Je montai sur une tour appelée Kissi-Koulessi (tour de la demoiselle) ; une plate-forme placée sur le sommet de ce monument en indique la destination. De cette plate-forme, on pouvait signaler en effet soit l’approche de l’ennemi, soit la présence de quelque bâtiment en mer. La construction de cette tour remonte au même temps que celle des murs d’enceinte, c’est-à-dire au règne des Sassanides. Si l’on ajoute à ces édifices des bazars occupés par des Persans et des Arméniens et d’assez grands karavansérails, on aura la liste complète des monumens qui rappellent à Bakou la domination de la Perse. Les Russes ont élevé quelques maisons d’un aspect blanc et uniforme qui nuit à l’effet des anciennes murailles.

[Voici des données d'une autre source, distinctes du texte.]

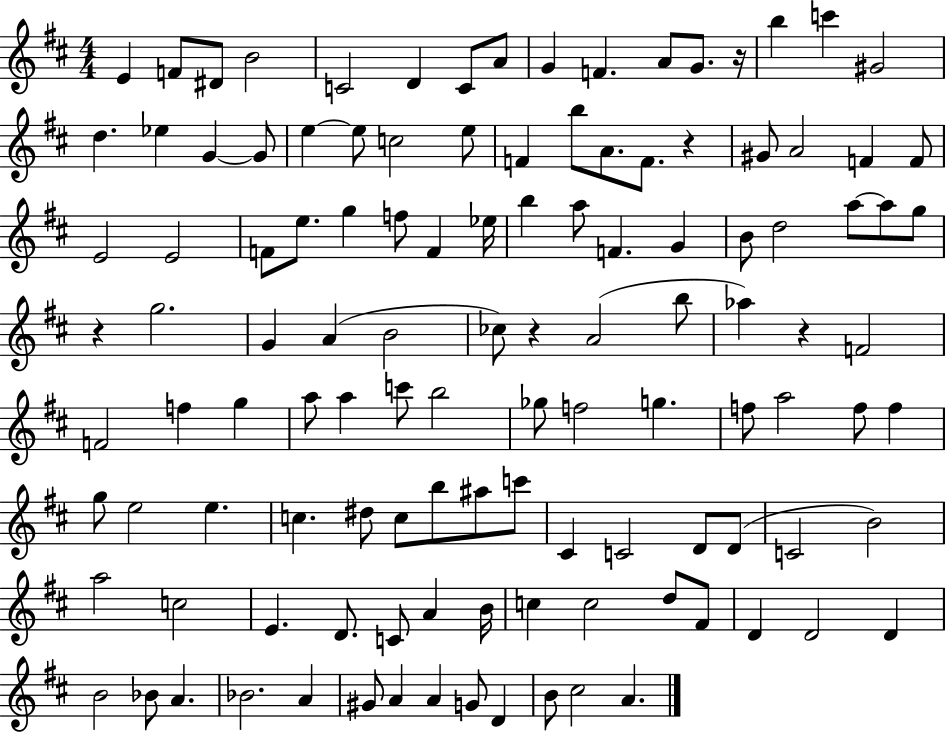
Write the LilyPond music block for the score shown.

{
  \clef treble
  \numericTimeSignature
  \time 4/4
  \key d \major
  e'4 f'8 dis'8 b'2 | c'2 d'4 c'8 a'8 | g'4 f'4. a'8 g'8. r16 | b''4 c'''4 gis'2 | \break d''4. ees''4 g'4~~ g'8 | e''4~~ e''8 c''2 e''8 | f'4 b''8 a'8. f'8. r4 | gis'8 a'2 f'4 f'8 | \break e'2 e'2 | f'8 e''8. g''4 f''8 f'4 ees''16 | b''4 a''8 f'4. g'4 | b'8 d''2 a''8~~ a''8 g''8 | \break r4 g''2. | g'4 a'4( b'2 | ces''8) r4 a'2( b''8 | aes''4) r4 f'2 | \break f'2 f''4 g''4 | a''8 a''4 c'''8 b''2 | ges''8 f''2 g''4. | f''8 a''2 f''8 f''4 | \break g''8 e''2 e''4. | c''4. dis''8 c''8 b''8 ais''8 c'''8 | cis'4 c'2 d'8 d'8( | c'2 b'2) | \break a''2 c''2 | e'4. d'8. c'8 a'4 b'16 | c''4 c''2 d''8 fis'8 | d'4 d'2 d'4 | \break b'2 bes'8 a'4. | bes'2. a'4 | gis'8 a'4 a'4 g'8 d'4 | b'8 cis''2 a'4. | \break \bar "|."
}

On me montra, à près d’une verste de la côte, un bas-fonds qui, jadis habité, communiquait avec la terre par une chaussée dont on retrouve encore les traces. Les habitans croient qu’un soulèvement volcanique a amené la submersion de cet isthme, qui se prolongeait à une grande distance dans la mer. Le sol de Bakou contient assez de matières volcaniques pour que l’on puisse admettre sans difficulté les traditions conservées à ce sujet par les habitans, quand elles ne dépassent pas la limite des probabilités.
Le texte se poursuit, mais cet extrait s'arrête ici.